Morris Day is best known as the lead singer of The Time, a group associated with Prince. Day and Prince attended the same high school in Minneapolis and in 1974, as teenagers, became bandmates in the band Grand Central. The band was managed by Morris' mother.

Morris announced in 2022 that he would be releasing his final solo album Last Call and retiring from regular touring after his 2023–2024 tour.

==Acting career==
In addition to his roles in Purple Rain (1984) and Graffiti Bridge (1990), Day also appeared in small parts in films such as Richard Pryor's Moving (1988) and the Andrew Dice Clay film The Adventures of Ford Fairlane (1990). Day's presence on the screen decreased until, in 2001, he returned to film in Kevin Smith's Jay and Silent Bob Strike Back, performing "Jungle Love" with The Time after being introduced emphatically by Jason Mewes' character as "Morris Day and the Time!" and dancing with the movie's stars in the film's ending.

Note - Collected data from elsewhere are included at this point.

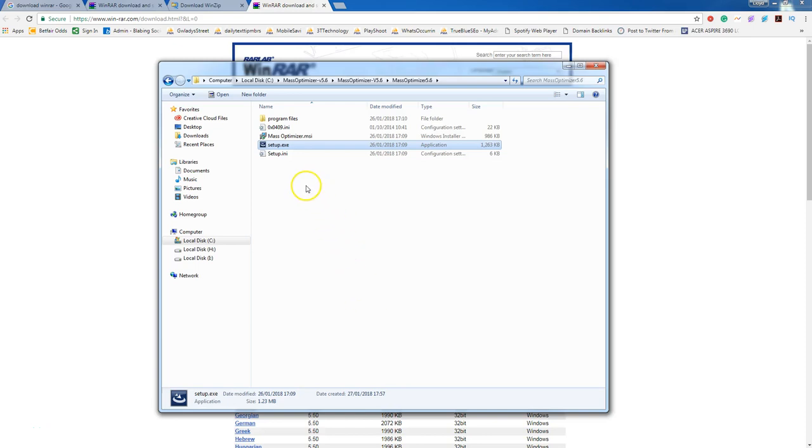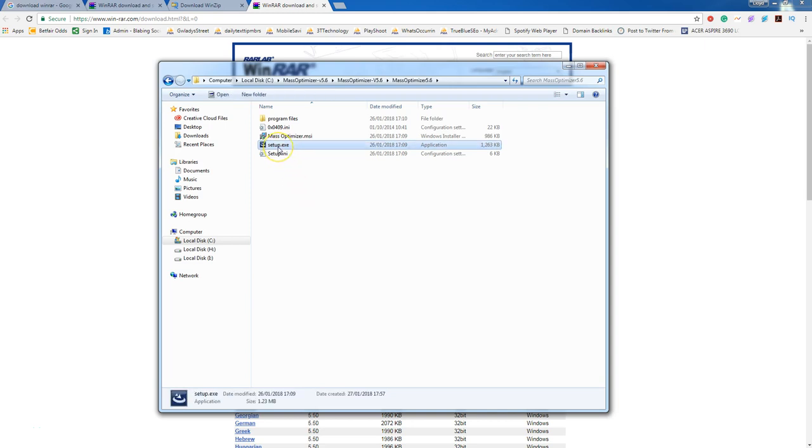Hi everyone, welcome back to the second video. What we're going to do in this video is show you how you can install Mass Optimizer using the setup.exe file.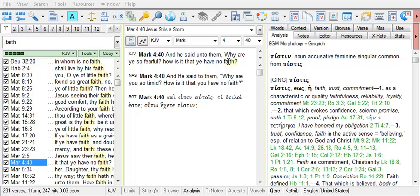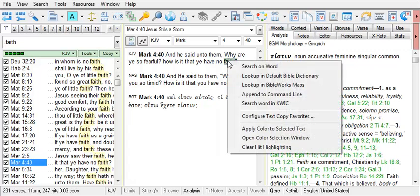For example, we'll use the word Faith here in Mark 4:40. Then choose Look Up in Default Bible Dictionary and click on it.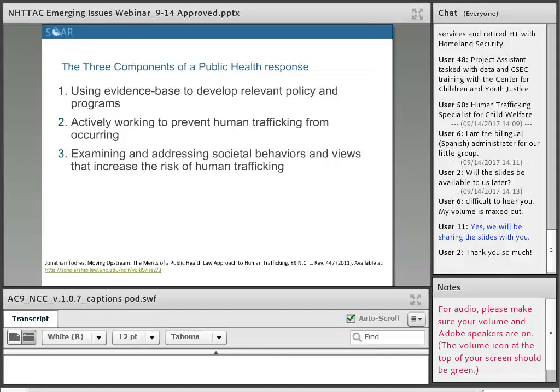How do we develop an evidence base to address human trafficking and help develop policies? This slide is based on a framework article by Jonathan Todras, a law professor and colleague in Georgia who served on the 2011 Institute of Medicine Seminal Report on Commercial Sexual Exploitation and Sex Trafficking of Children and Youth in the United States. He notes three components of a public health response to human trafficking: one, using an evidence base to develop relevant policy and programs; two, actively working to prevent human trafficking; and three, examining and addressing societal behaviors and views that increase the risk.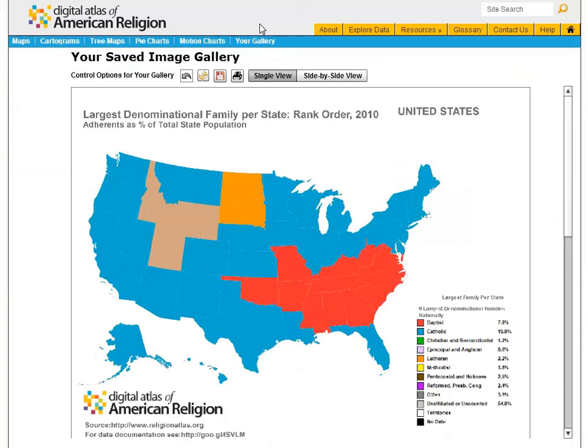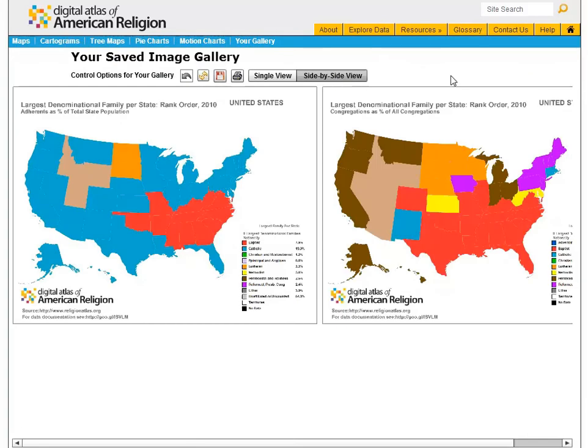The gallery allows you to view a single image or compare two images side by side. In this instance, we're comparing largest denominational families per state in terms of adherence, to largest denominational families per state in terms of congregations. You can save and print these images in high resolution. To clear your gallery, click the reset button.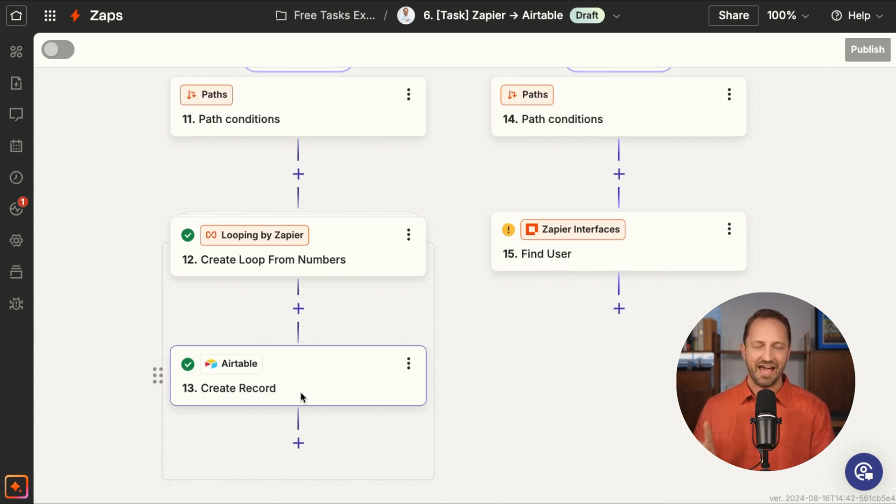Now I've just been talking about tasks. There are various plans. There's always going to be a free plan that you can choose, whether it's Zaps, Tables, Interfaces, Chatbots, or any other product. Regardless of what plan you do have, the way tasks are counted never changes.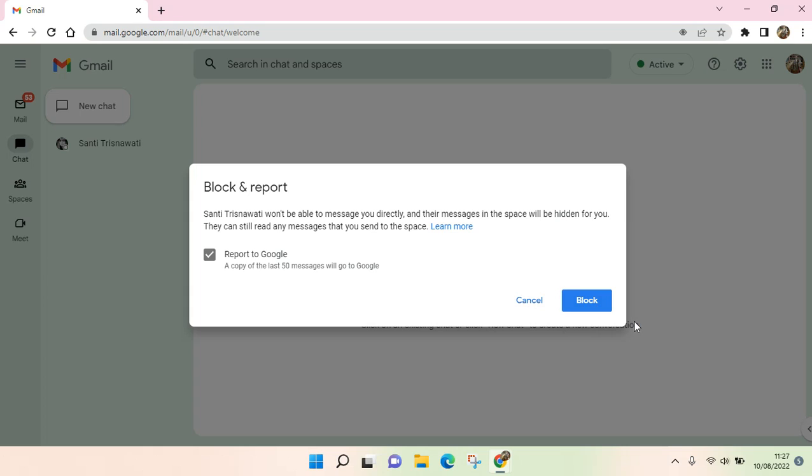Okay, so I think that's all. That is how you can block someone on Google Chat. I hope this video is helpful to you. Please don't forget to click on the thumbs up icon and subscribe to our channel. See you on the next videos.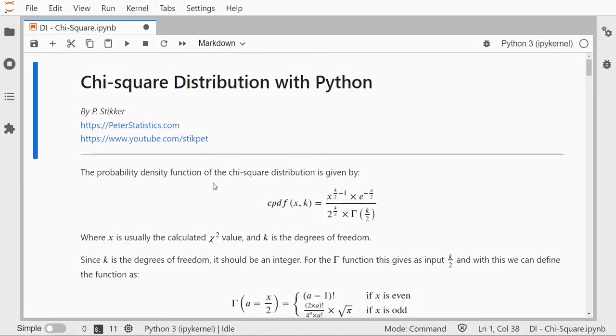Welcome, in this video I'm going to show you how you can use the chi-square distribution with Python.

Day also appeared on the small screen in 1990 when he portrayed the character Lamarr on ABC's short-lived sitcom New Attitude. He guest-starred on the sitcom Eve as a pimp who wanted Eve's fashion boutique to design a flamboyant suit to match his witty personality, and appeared as himself in an episode on the series Moesha, attempting to file a lawsuit against Moesha's ex-boyfriend Q, who used a sample from "The Oak Tree" without permission. He also appeared in the series 227.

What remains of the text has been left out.